A quick update to my series from last week. The coronavirus has not been contained to China, and there are now nearly 1000 cases in South Korea, 270 in Italy, and 60 in Iran.
Health experts and writers (see for example Ian MacKay, Devi Sridhar, James Hamblin, Helen Branswell, Michael Osterholm) now think it will eventually spread globally, meaning that containment strategies of travel restrictions will become increasingly ineffective.
We are now entering a phase of having to reduce the impact and harm associated with the spread of the virus, including taking precautions at the individual level to prevent infection like washing hands frequently and avoiding touching your mouth, eyes, and face.
(This is not the time for panic or overreactions, but I do think it is appropriate for us to be prepared for cases to come to countries that have not yet experienced an outbreak yet. Most cases are mild, but some are not).
I took a big bottle of hand sanitizer to the office and wrote our buildings manager about what plans they have in place to protect the workplace.
We also have a lot to learn about the virus, who is particularly at risk, and how deadly it might be.
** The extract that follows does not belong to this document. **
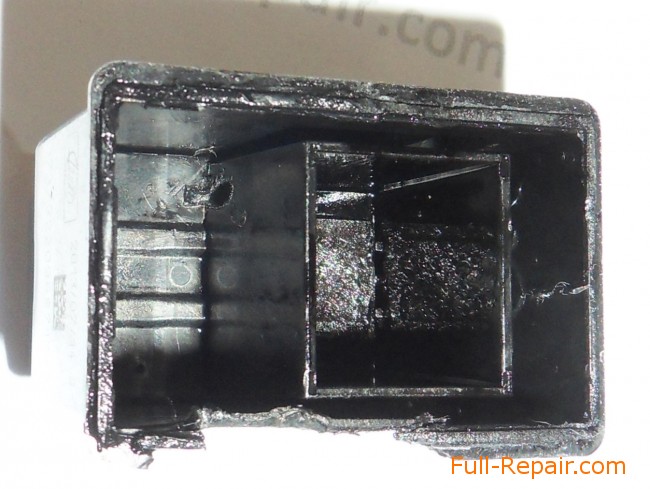 Hole in the small ink chamber Hole in the small ink chamber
A friend of mine asked me why I seem so worried about this disease given the low mortality thus far (less than 3000) given that other diseases like malaria continue to kill more than 400,000 people a year and infect hundreds of millions. The seasonal flu for example kills between about 300,000 and 650,000 people a year.
My answer is that the H1N1 swine flu outbreak ultimately had about 60 million infections but the mortality rate was less than .02% and somewhere between 151,700 and nearly 600,000 people died.
COVID mortality rate was 2% in early accounts compared to H1N1 swine flu in 2009-2010 where less than 0.02%. H1N1 killed somewhere between 151,700-575,400 people and caused 60 million cases. Maybe mortality rate for this one a lot lower than we think because of undiagnosed cases.— Josh Busby (@busbyj2) February 23, 2020
The early mortality rate for COVID-19 has been around 2.3%. 2.3% of 60 million people would be nearly 1.4 million people. Now, the mortality rate outside of Wuhan has been lower, and we may see a much lower mortality rate as the disease spreads.
That said, there is a lot about this virus that we don’t know, and as it spreads to places like Iran and Afghanistan with poor health systems, the outcomes could be worse not better.
My main message for readers is to look for authoritative sources on how to protect yourselves from the WHO and CDC. I haven’t said much about government preparedness measures here, but the Trump administration has sent a request for $1.25 billion in emergency appropriations that critics say isn’t enough (with another $1.25 billion coming from budget flexibility). Time will tell.